Lot 103: The Cartier montre bracelet réversible basculante was originally made in the thirties. It had a swivelling, reversible case, and was the inspiration for the Cartier Basculante watch of the late nineties. This particularly rare specimen dates from 1964 – only a handful were made that year – and is slightly larger than the thirties original. Both the case and movement are signed “European Watch and Clock”, the joint venture between Cartier and Edmond Jaeger that made watches for Cartier, mainly with LeCoultre movements. Estimate is CHF30,000-40,000.
Lot 112: A Rolex Sea-Dweller ref. 16660 “COMEX” from 1982, complete with original warranty, accessories and packaging. Estimated at CHF60,000-80,000.
Lot 130: The F.P. Journey Chronometre Souverain Tokyo edition. Made in 2005 in a limited edition of 20 pieces for the one year anniversary of the F.P. Journey Tokyo boutique. The case is titanium, while the dial is black with orange numerals and markings. Estimate is CHF20,000-30,000.
Lot 143: Rolex ref. 6556 Tru-Beat from 1955 featuring a dead-beat seconds mechanism where the seconds hand moves forward in one second increments like a quartz watch. This was originally intended for doctors and nurses to allow the taking of a pulse. This has the extra of having a Tiffany & Co. signed dial. Estimate is CHF8000-12,000.
Lot 148: The Rolex ref. 6263 Daytona “Paul Newman” with a “panda” dial, with Mk 1 pushers and bezel. Circa 1971 and estimated at CHF150,000-250,000.
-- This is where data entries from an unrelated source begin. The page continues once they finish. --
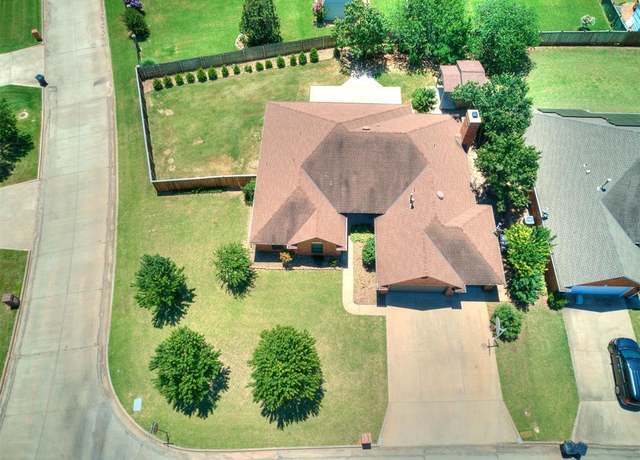 Property at 1309 Nottingham Cir, Shawnee, OK 74804, 4 beds, 3 baths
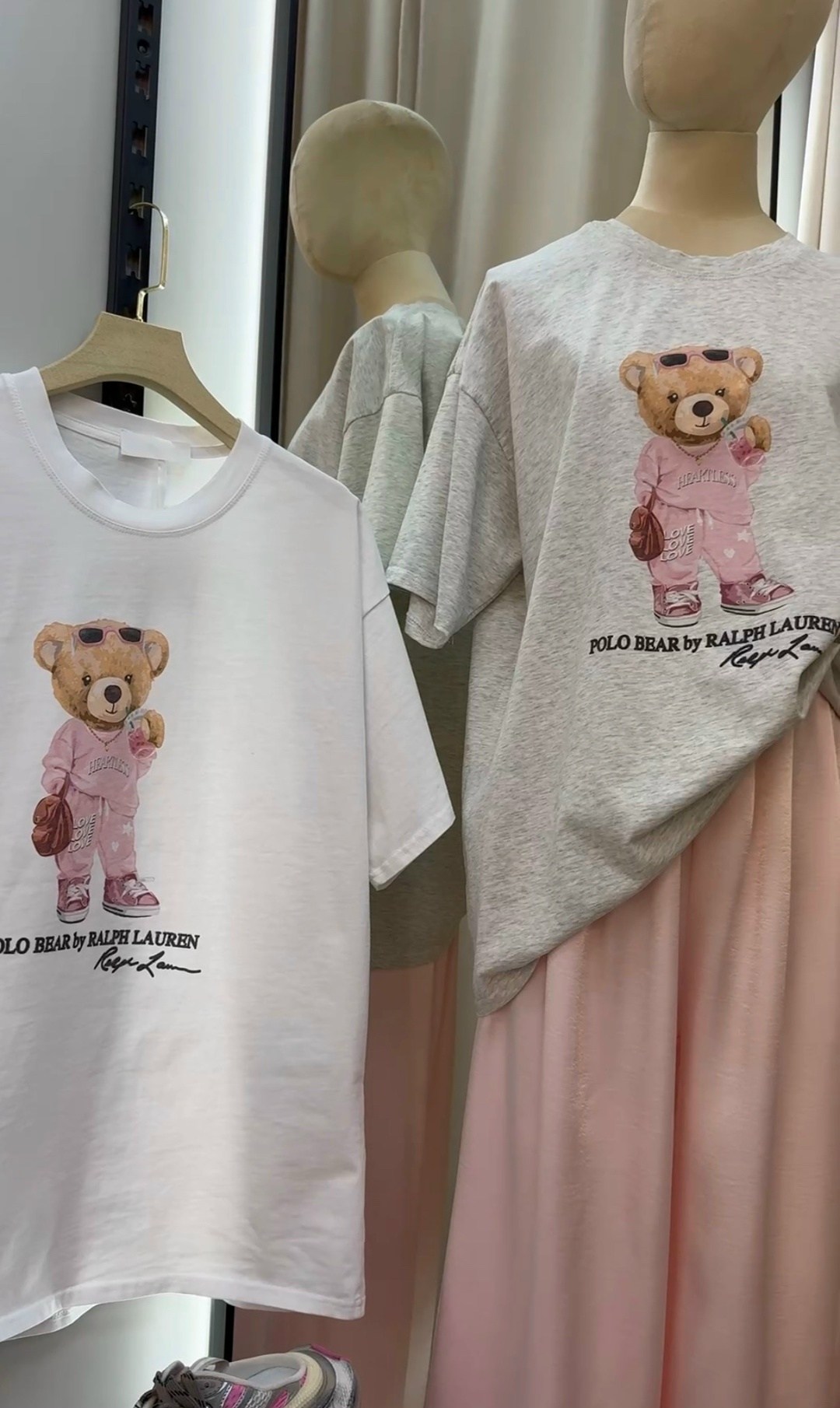 футболка с мишками,футболки женская,футболки женские мужские,футболки женские с принтом,футболка с рисунком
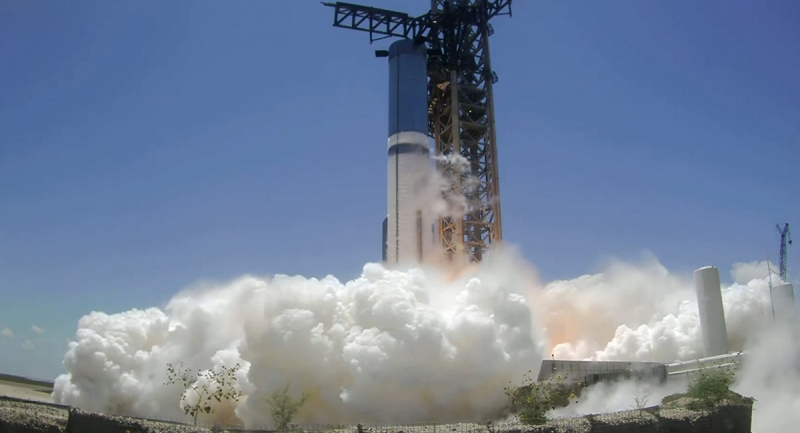 SpaceX не совсем удачно протестировала ракету Super Heavy с 33 двигателями Raptor 2 – огневое испытание продлилось вдвое меньше, чем планировалось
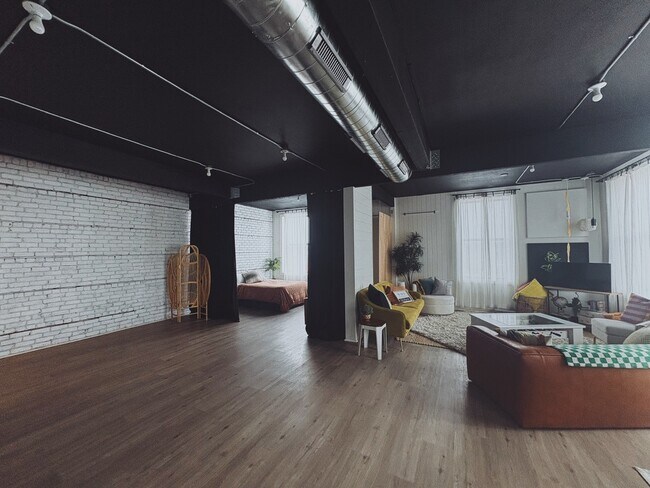 Foto del edificio - 100 State St N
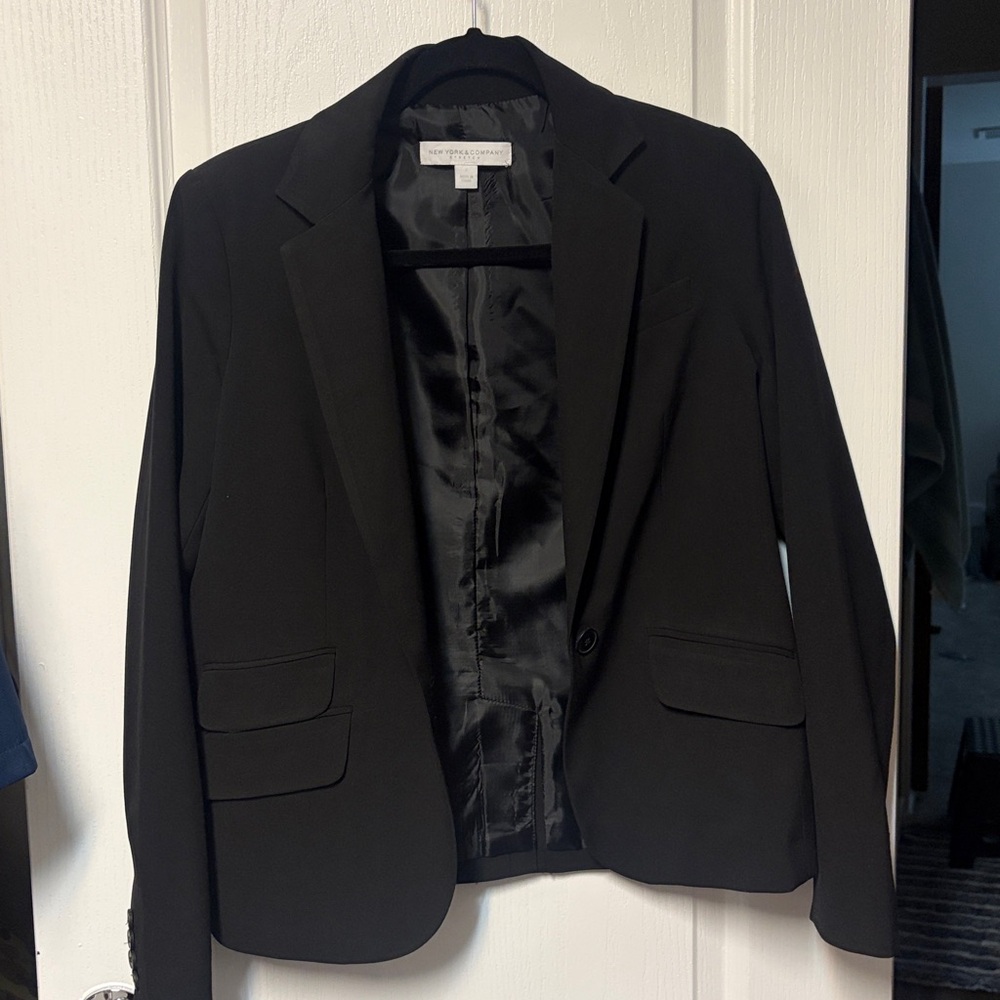 New York & Company Black Pantsuit - Picture 4 of 5
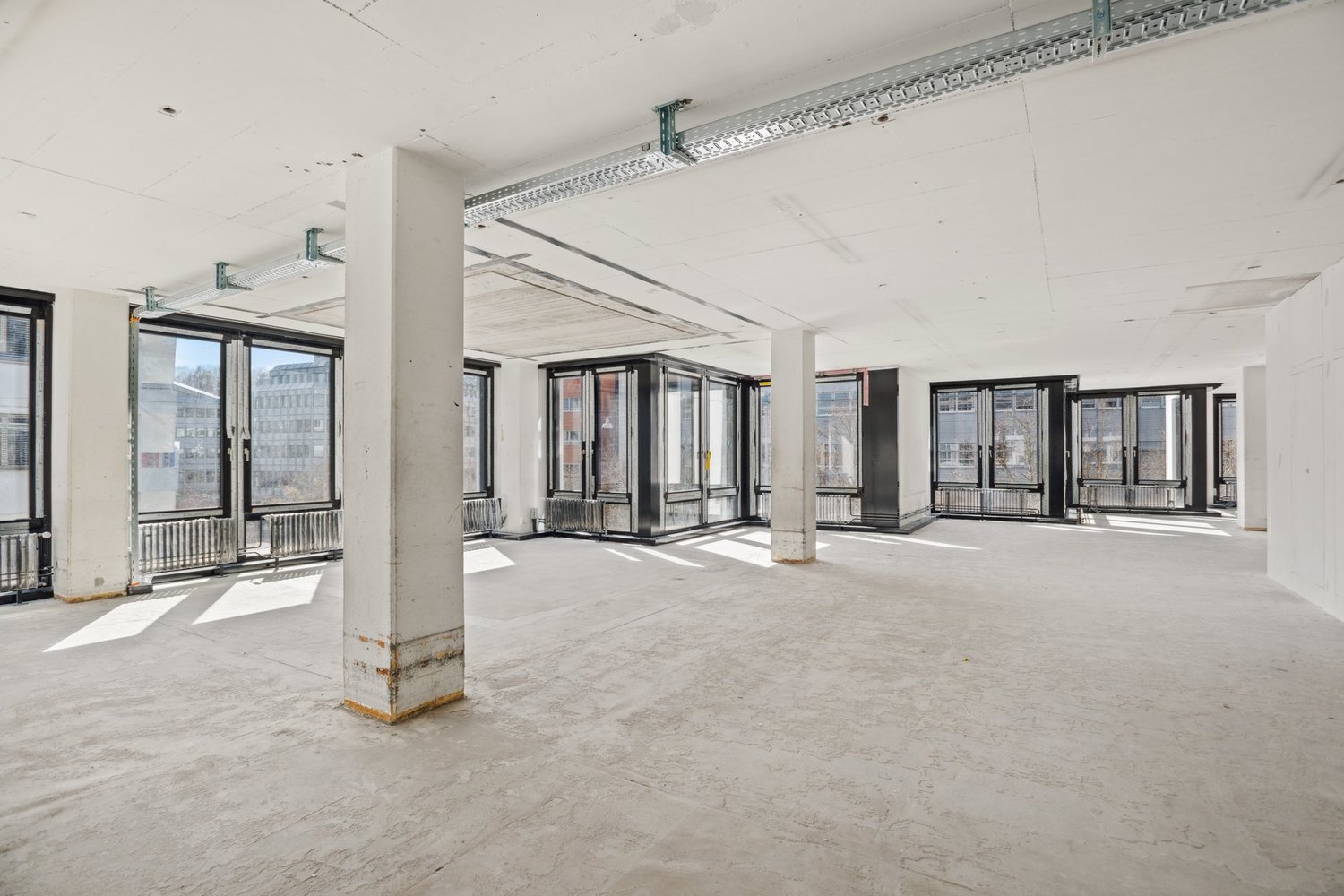 880m² office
Lot 163: This Patek Philippe ref. 1415 world time wristwatch dates from 1939 and is likely the second example ever made of this model. Being an early specimen of the ref. 1415, the bezel only has 30 cities, instead of the 39 or 41 found on later watches. And this particular watch was originally owned by actor and Academy Award nominee Robert Stack. The estimate is CHF60,000-90,000.
Lot 176: Unlike its peers Patek Philippe and Vacheron Constantin, Audemars Piguet is not particularly known for its vintage chronographs. But they are exceptionally rare, with just over 400 produced, and also finely made. This yellow gold chronograph dates from 1946 and is equipped with a Valjoux VZAH movement. Estimate is CHF40,000-60,000.
Lot 199: This is an IWC from 1950 with a floral motif cloisonné enamel dial made by Stern Créations, the dial maker that was then owned by the Stern family that now owns Patek Philippe. Stern created some of the best enamel dials of the period for brands like Rolex, Patek Philippe and Vacheron Constantin, the likes of which cost at least five to ten times the estimate of this IWC, which is CHF15,000-25,000.
Lot: 214: Formerly the property of Eric Clapton, the Rolex ref. 6263 “Oyster Albino”, only one of four known examples of the silver dial Rolex Cosmography with the sub-dials in the same silver finish. It’s from 1971, with the correct Mk 1 pushers and bezel. Eric Clapton bought this watch in the late nineties, and sold it in 2003 at Sotheby’s for US$505,000, then a world record. Now estimated at CHF500,000-1,000,000.
Lot 224: The ref. 3448 was the first automatic perpetual calendar made Patek Philippe, introduced in 1962. This particular watch is one of the last of the ref. 3448, dating from 1981, the last year of production. In fact, this watch is the 585th watch to come off the line, making it the penultimate ref. 3448 made (only 586 were produced in all). The fact that is in white gold makes it even more desirable. The estimate is CHF250,000-350,000.